SpACNN-LDVAE: Spatial Attention Convolutional Latent Dirichlet Variational Autoencoder for Hyperspectral Pixel Unmixing
Soham Chitnis, Kiran Mantripragada, Faisal Z. Qureshi
TL;DR
SpACNN-LDVAE advances hyperspectral pixel unmixing by incorporating local spatial context through a Spatial Attention CNN Encoder that yields a Dirichlet latent for abundances, coupled with a Multivariate Normal spectral decoder. The model extends LDVAE by exploiting spatial coherence, enforcing ASC and ANC via a softmax-based Dirichlet parameterization, and optimizing with an ELBO objective that includes a reconstruction term for abundances.

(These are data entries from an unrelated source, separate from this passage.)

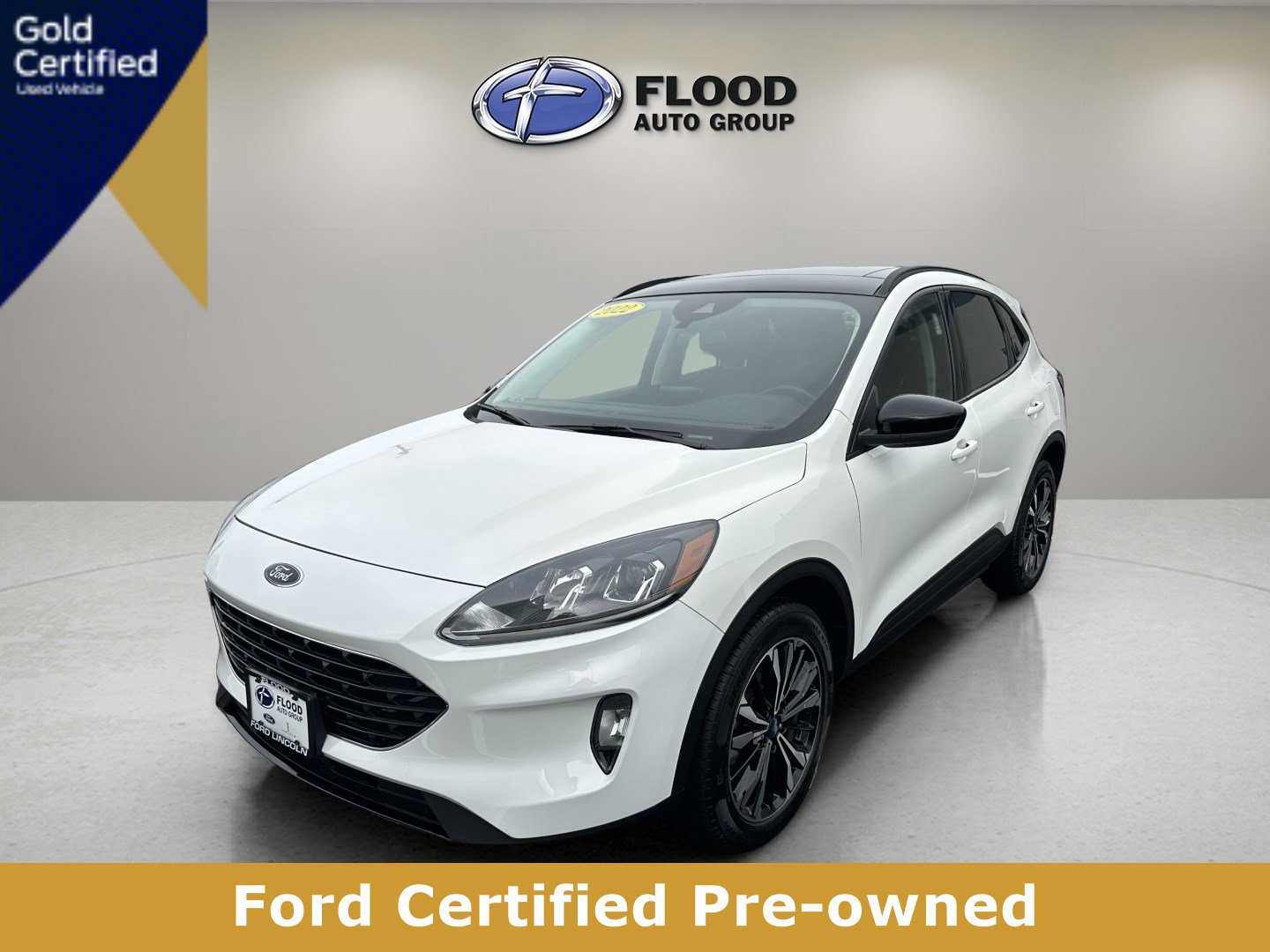 Certified 2022 Ford Escape SEL w/ SEL Stealth AWD Package image 3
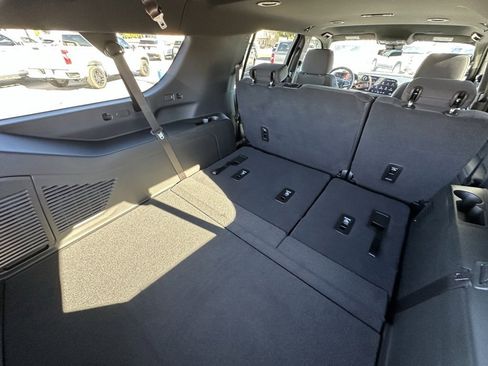 New 2026 Chevrolet Suburban LS image 20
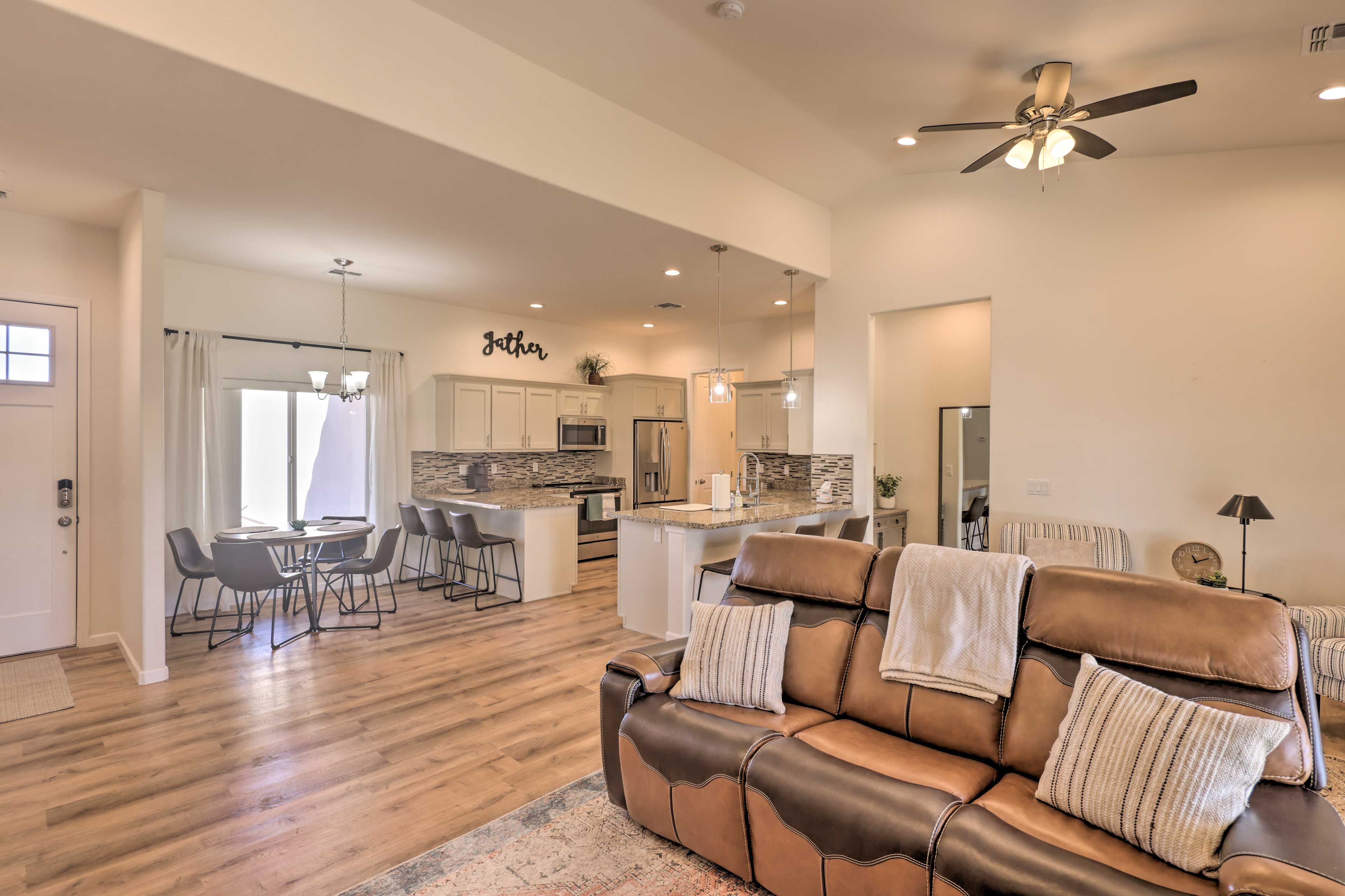 Living Room | Central A/C & Heat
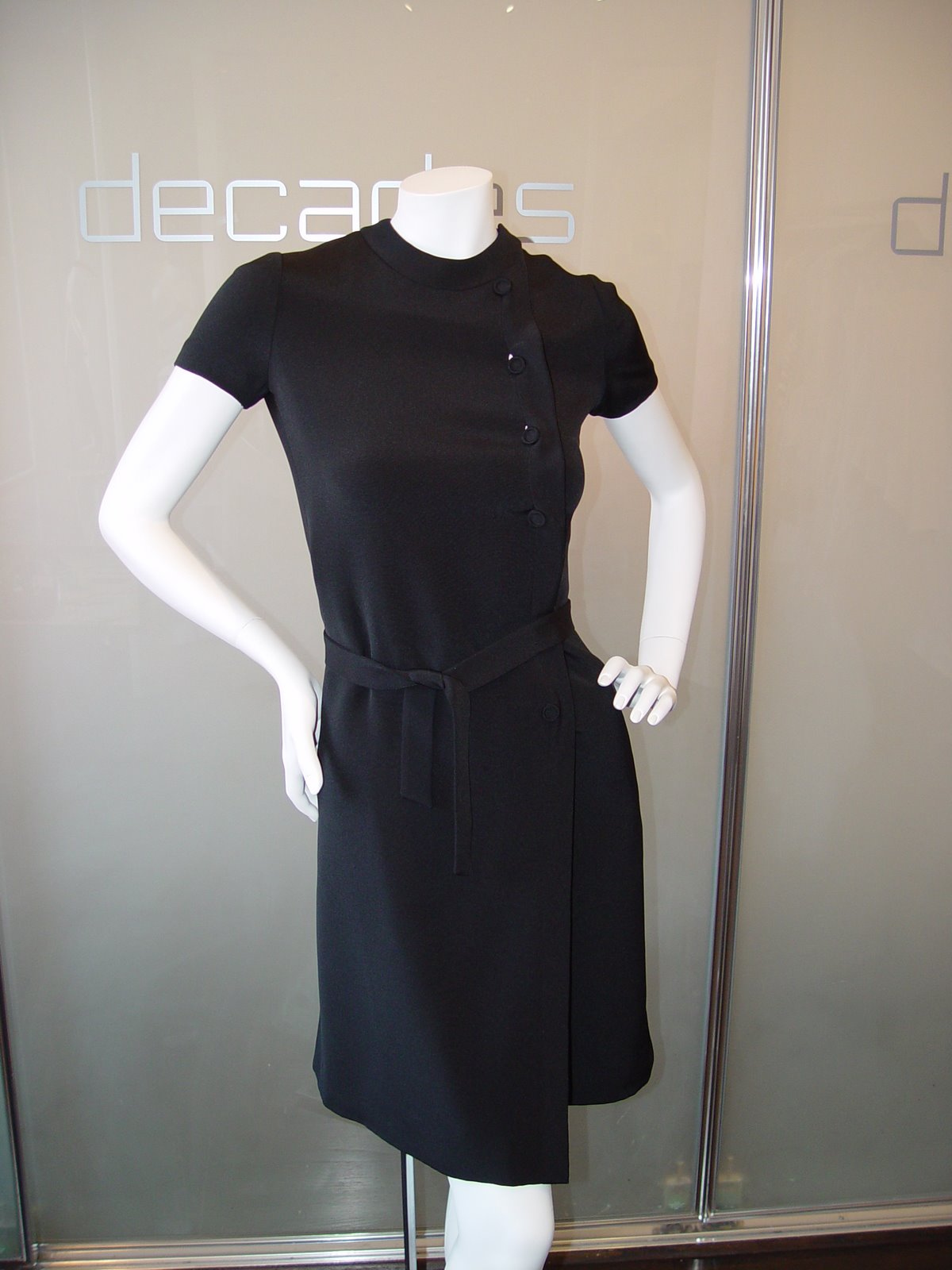 [CHANEL+HAUTE+COUTURE+LBD+IN+SILK+WITH+BUTTONS+UP+THE+FRONT+AND+BELT+C+60S.JPG.JPG]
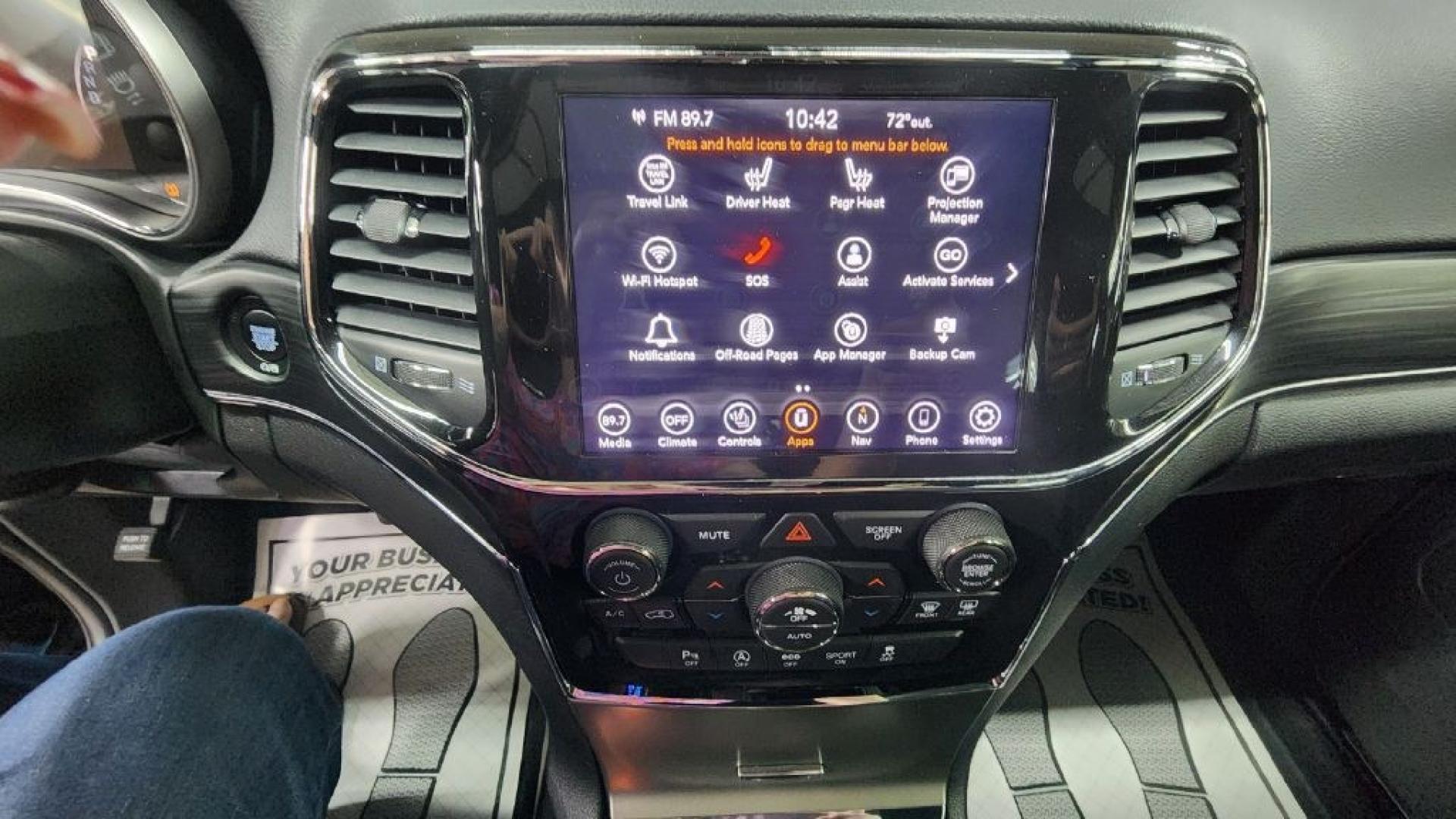 2021 BLACK JEEP GRAND CHEROKEE LIMITED (1C4RJFBG5MC) with an 3.6L engine, Automatic transmission, located at 101 S. Halleck St., DeMotte, 46310, (219) 987-2922, 41.202343, -87.198189- Photo#9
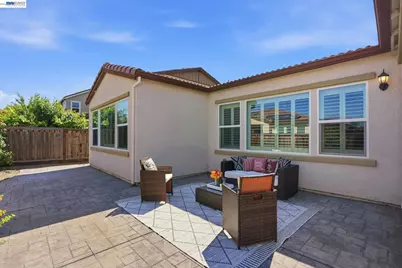 2542 Azalea Ave, Tracy, CA 95376 - Photo 46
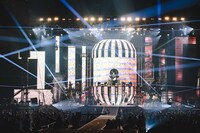 新しい学校のリーダーズ「NIPPON Calling Tour 2024」東京・国立代々木競技場第一体育館公演の様子。（撮影：マッサン）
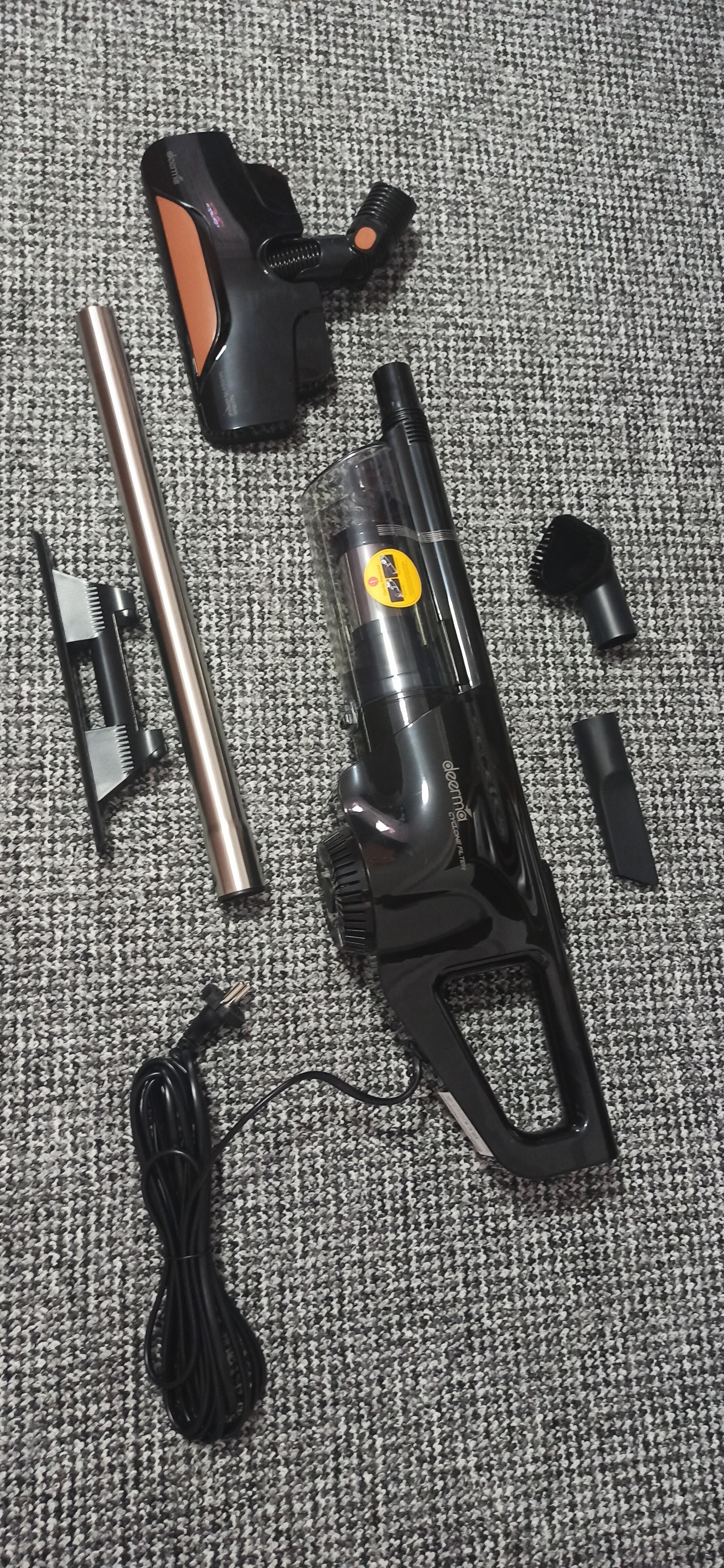 Aspirator vertical Deerma DX600, Cu fir, 600W, 16000Pa, Capacitate colectare 0.8L, Lungime cablu 4.5m, Negru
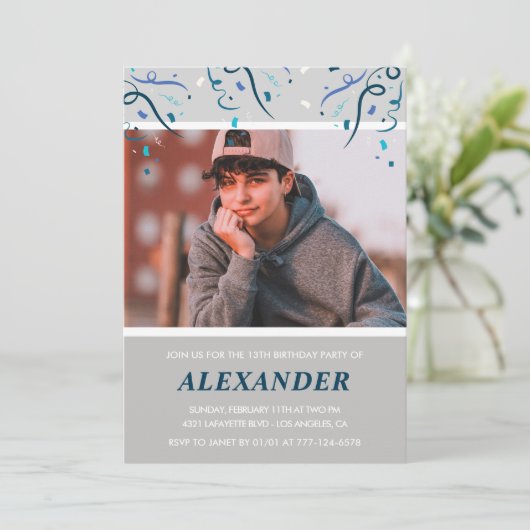 13e verjaardag uitnodigingen jongen Confetti Foto  (Staand voorkant)
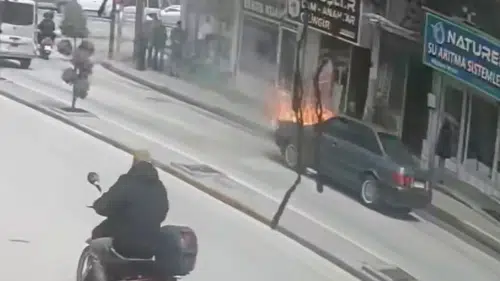 Karaman’da otomobil motoru yandı! Esnaf kahramanlığı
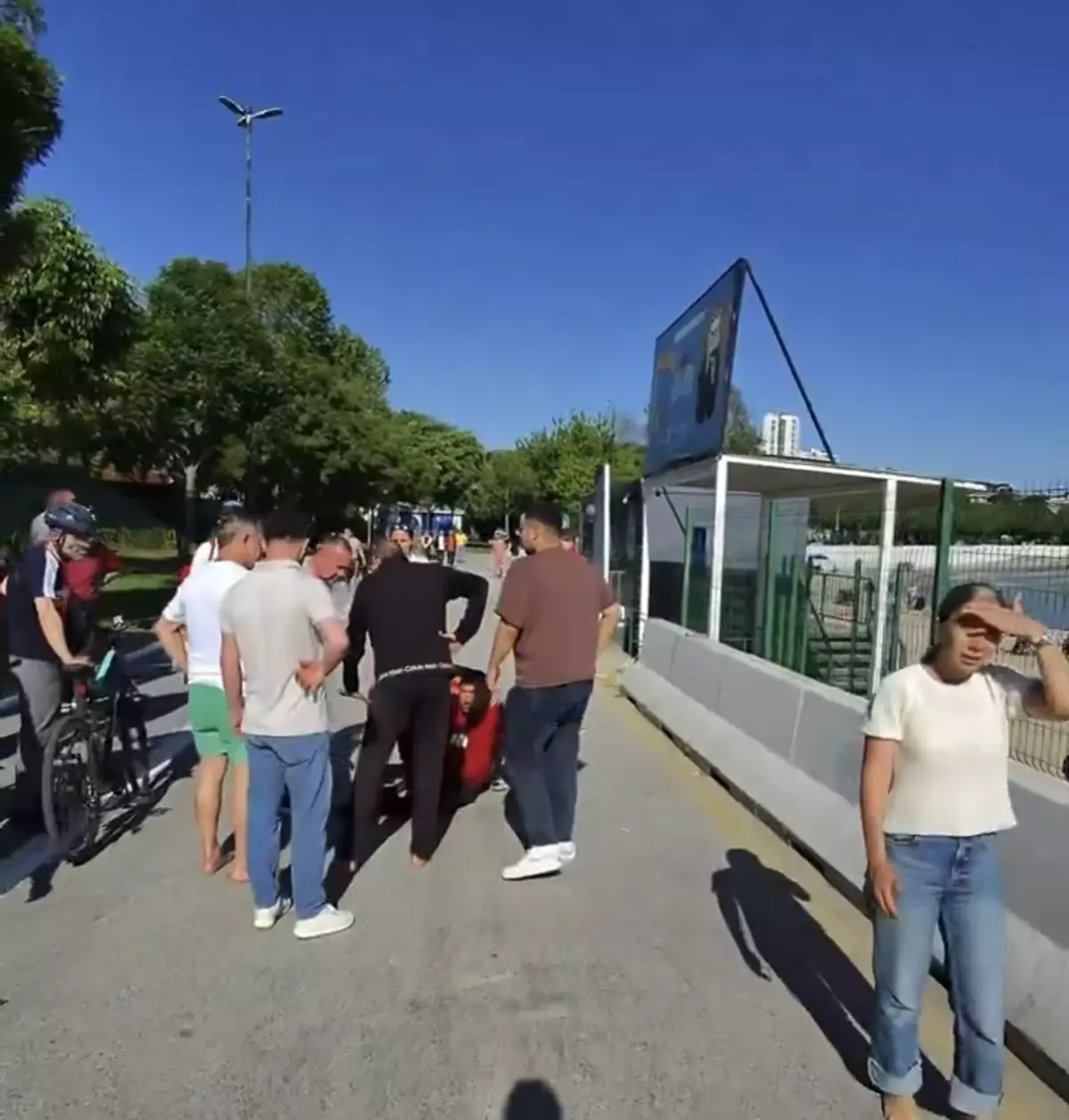 Caddebostan\'da Silahlı Tartışma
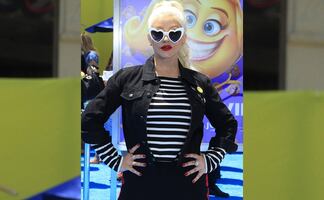 Christina Aguilera presume traje de baño en jacuzzi de Miami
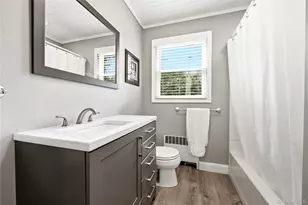 2 Baltic Pl, Amityville, NY 11701 - Photo 22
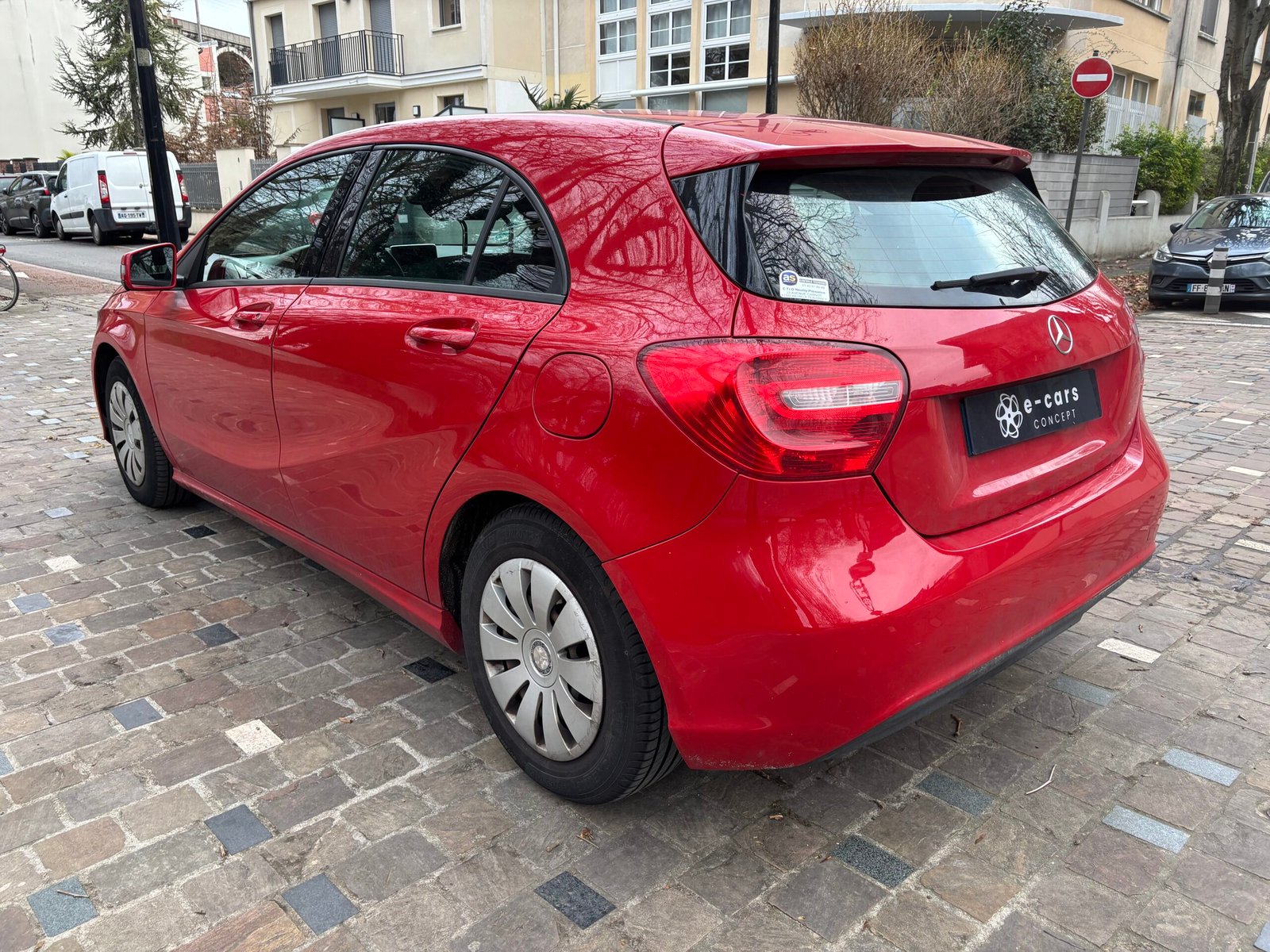 MERCEDES-BENZ Classe A180 1.6 122ch “Business”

Empirical results across Samson, HYDICE Urban, Cuprite, and OnTech-Syn-HSI-21 show improved endmember extraction and abundance estimation over the MLP-LDVAE baseline, with transfer learning from synthetic Cuprite data enabling real-world inference. The approach demonstrates the practical value of spatially aware unmixing in hyperspectral imaging and supports generating spectra from abundances, potentially aiding material identification in remote sensing applications.
Abstract
The hyperspectral pixel unmixing aims to find the underlying materials (endmembers) and their proportions (abundances) in pixels of a hyperspectral image. This work extends the Latent Dirichlet Variational Autoencoder (LDVAE) pixel unmixing scheme by taking into account local spatial context while performing pixel unmixing. The proposed method uses an isotropic convolutional neural network with spatial attention to encode pixels as a dirichlet distribution over endmembers. We have evaluated our model on Samson, Hydice Urban, Cuprite, and OnTech-HSI-Syn-21 datasets. Our model also leverages the transfer learning paradigm for Cuprite Dataset, where we train the model on synthetic data and evaluate it on the real-world data. The results suggest that incorporating spatial context improves both endmember extraction and abundance estimation.